(1901-1985)
Rachele Zanchi, in arte Giovanni Giuliani, è un’artista bergamasca che in modo istintivo giunge all’astrazione dell’Io compiendo, attraverso la pittura, una scrittura rapida sulla tela: nascono le “impressioni-paesaggio”1, bagaglio culturale dei suoi numerosi viaggi nei luoghi dell’Italia Meridionale trasfigurate dalla fantasia compiendo un’operazione analoga a quella promossa dall’artista Tancredi Parmeggiani che definisce i suoi quadri “paesaggi di spazi”, dove lo spazio del foglio diviene emblema di luoghi generati dall’immaginazione.

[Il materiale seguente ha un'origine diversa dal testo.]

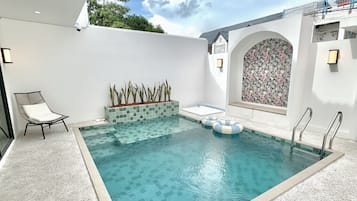 Villa familiar, 3 habitaciones, piscina privada | Piscina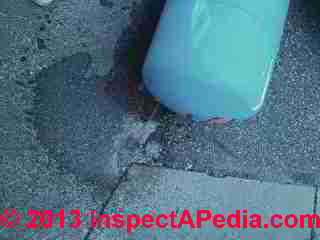 Water pressure tank bladder leak test (C) InspectApedia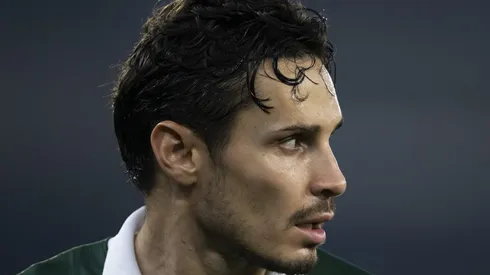 RJ - RIO DE JANEIRO - 17/07/2024 - BRASILEIRO A 2024, BOTAFOGO X PALMEIRAS - Raphael Veiga jogador do Palmeiras durante partida contra o Botafogo no estadio Engenhao pelo campeonato Brasileiro A 2024.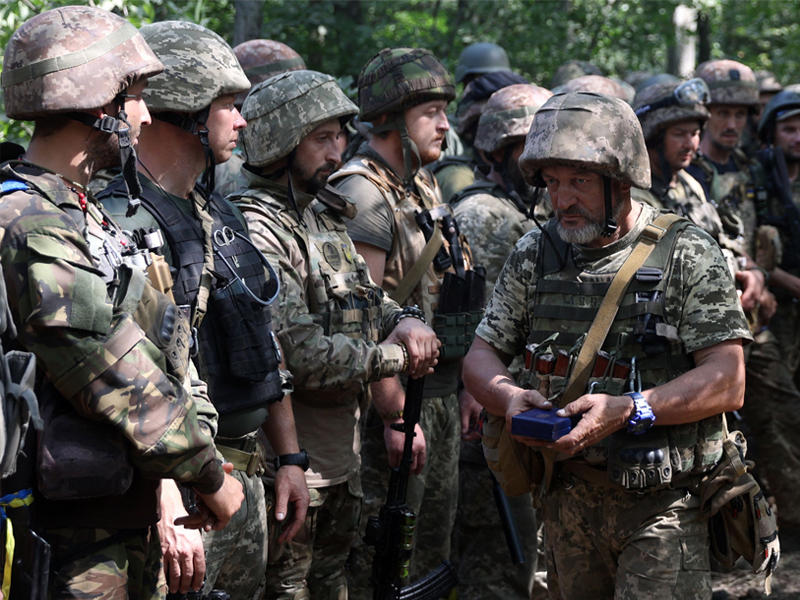 جندي أوكراني يتسلّم ميدالية على إحدى جبهات القتال في دونيتسك (أ ف ب)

L’uso del colore sembra portare lo spettatore a compiere un’indagine introspettiva ed emozionale, che evoca i “moti dell’animo” di leopardiana memoria: da un primo esame visivo dell’opera, quasi distaccato a causa della percezione ottica che crea uno spazio fisico fra il sé e il quadro, si discende nelle profondità intime dell’animo umano. Giuliani trasmette il sentimento tracciando sulla tela stati d’animo differenti da lui stesso provati: i colori bruni, le ocre che sfociano nell’oro si alternano a colori freddi; composizioni sobrie ed efficaci sono intercalate ad altre intuitive e cariche di pathos. L’artista non vuole fermarsi ad un sentimentalismo banale, ma attraverso la scomposizione e la resa astratta di immagini figurative, giunge alla profondità delle cose. «Giuliani si è liberato da una forma particolare, comune, per giungere alla Forma. Vuol possedere in sé l’oggetto, aderire ad esso in una comunione poetica che poi esprime coi mezzi conquistati di una libertà fantasiosa e pittorica, e non vederlo nella sua immobilità oggettiva, termine medio, obbligato, di passaggio, per cui si trasmette un’emozione»2.

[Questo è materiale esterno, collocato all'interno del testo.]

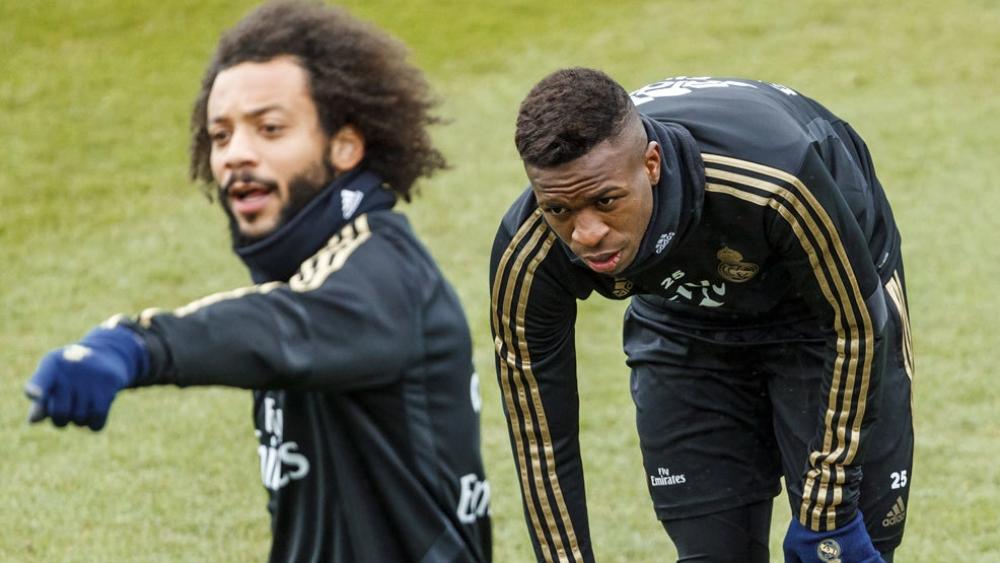 فينيسيوس: "مارسيلو قال لي: 'هنا ستبدو كبيلي في يوم من الأيام وفي أيام أخرى لن تقدم أي شيء'"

Emilio Villa nella lettura delle opere di Capogrossi identifica il segno utilizzato dall’artista come lettera propria dell’alfabeto, come grammatica su cui si fonda una precisa scrittura3, così i segni tracciati da Giuliani nello spazio della superficie pittorica sono trattati secondo infinite variabili (di tratto, di colore, di relazioni con lo spazio). Il disegno, nella particolarità del segno, emerge dall’inconscio atavico dell’artista per trasmettere l’idea della forma.

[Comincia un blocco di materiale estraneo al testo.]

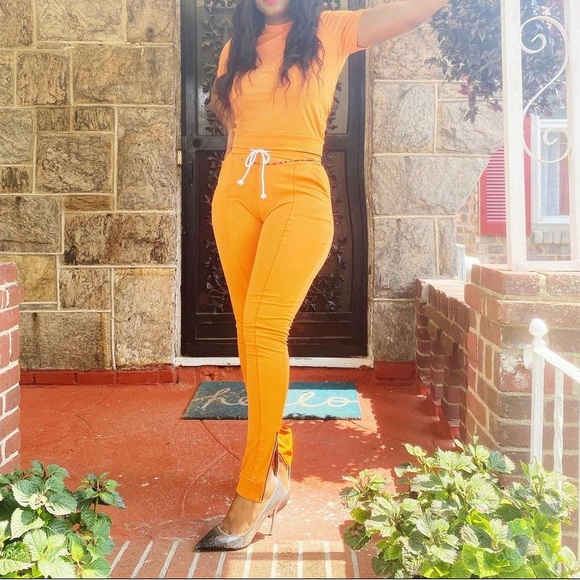 TWO PIECE SHORT SLEEVE WITH PENCIL PANTS WITH ZIP - Picture 1 of 2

Forme sospese nello spazio, raggruppate secondo una verticalità da cui si innestano pochi elementi orizzontali, che esortano il pubblico a prendere una direzione senza indicarla, propongono un’analisi senza fornirla.
La Colleoni Proposte d’Arte rende omaggio ad un’artista che ha saputo interpretare i linguaggi più avanzati del contemporaneo e che ha esposto tra la fine degli anni Cinquanta e Settanta presso la Galleria de Il Milione, considerata importante punto di riferimento per l’avanguardia italiana ed internazionale e presso la Galleria Delle Ore, solo per citare alcuni esempi.